Of course, the “glory” that Walt has inherited is simply another round of problems. He’s saved himself, and Jesse, for the immediate future, because Gus needs him (hence the somewhat out of place scenes with the cartel — to demonstrate how badly Gus is backed into a corner, too, and how badly he needs someone to continue producing the meth, so that Gus can keep his foothold). But next season — there’s a whole new set of complications, not least of which will be Walt working for a man he knows wants him dead. That should be an interesting working relationship, as the more leverage that Walt gains — and the closer he gets to an equal footing with Gus — the more Gus wants to snap his neck.

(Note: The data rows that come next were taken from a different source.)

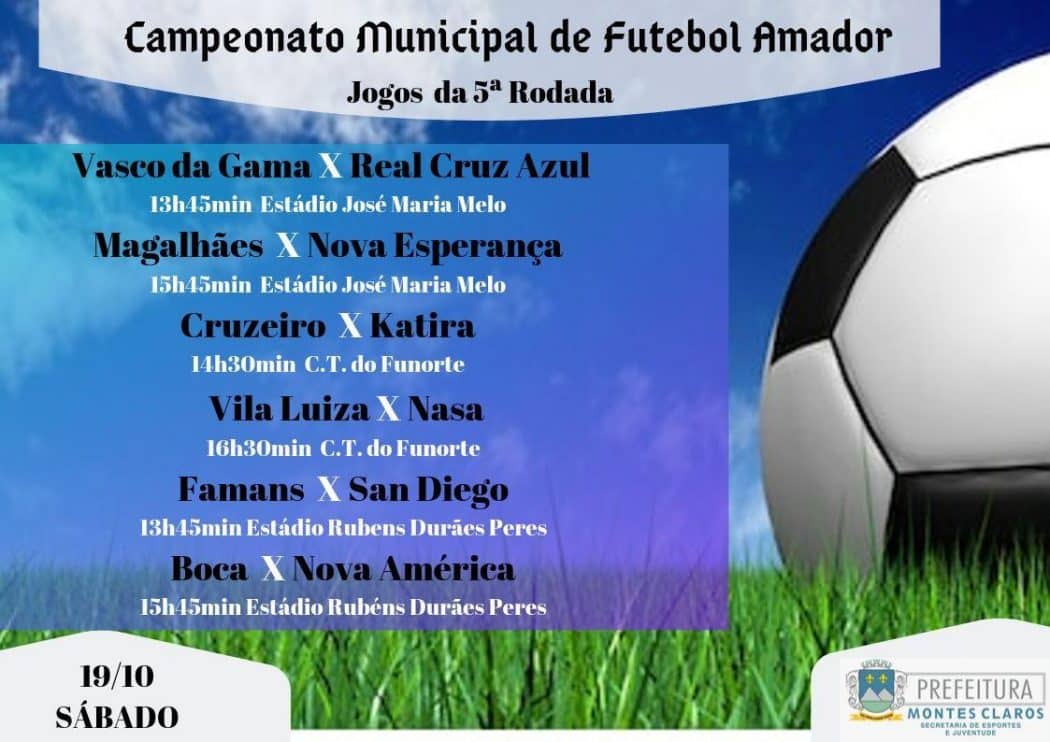 Montes Claros - 5º rodada do torneio de Futebol Amador, acontece neste sábado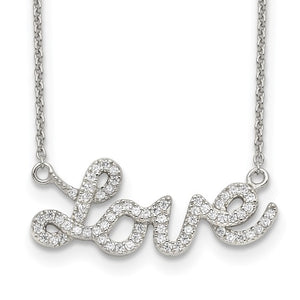 Sterling Silver & Cubic Zirconia LOVE Necklace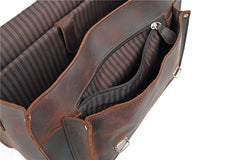 Vitnage Brown Leather Men's Camera Shoulder Bag SLR SIDE BAG Camera Handbag For Men - imessengerbags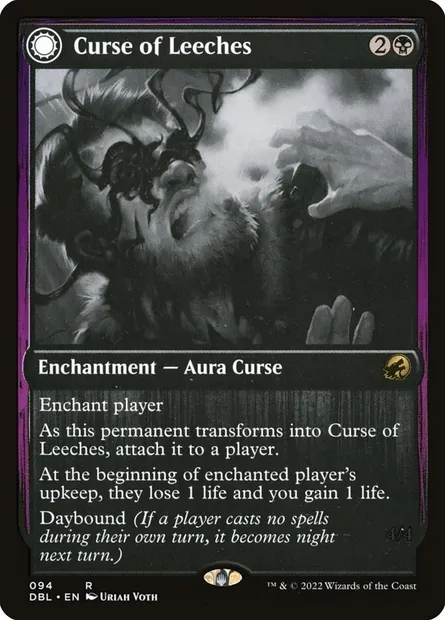 Malédiction de sangsues // Guetteur sangsue, carte Magic DBL 94 — extension Innistrad : Double Programme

I’ll save the plot synopsis of last night’s episode — if you’re reading this, you’ve no doubt already seen it — but I would note my favorite scene last night was the one where Walt was facing certain execution. I should’ve known that Walt had some kind of plan, because he’s never begged for his life before and I simply couldn’t imagine a scenario — after all they’ve been through — where Walt would give up Jesse. It was so out of character that I almost felt cheated until I realized that it was a brilliant ploy to set the execution of Gale into motion.

There was something else, too, about last night’s episode: The way that Saul also risked his own life to not give up Jesse’s real location despite the fact that Saul is a total sleazebag. What is it about Jesse that Walt and even Saul want to protect? He’s a fuck-up, and no matter how many chances he’s given, he always seems to fuck it up again. But then, many of us seem to have that person in our lives, don’t we? How many of us have fuck-up siblings or friends that we bail out time after time after time, knowing that a week, a month, or a year later, we’ll just be bailing him out again? There are certain fuck-ups that have that effect on us, and Jesse is the perfect example of a good-hearted fuck-up we can’t help but want to save (“FNL’s Riggins is another example).

I can’t believe we have to wait another nine months to see how this plays out. Until next season folks. Well played, Vince Gilligan. Well played.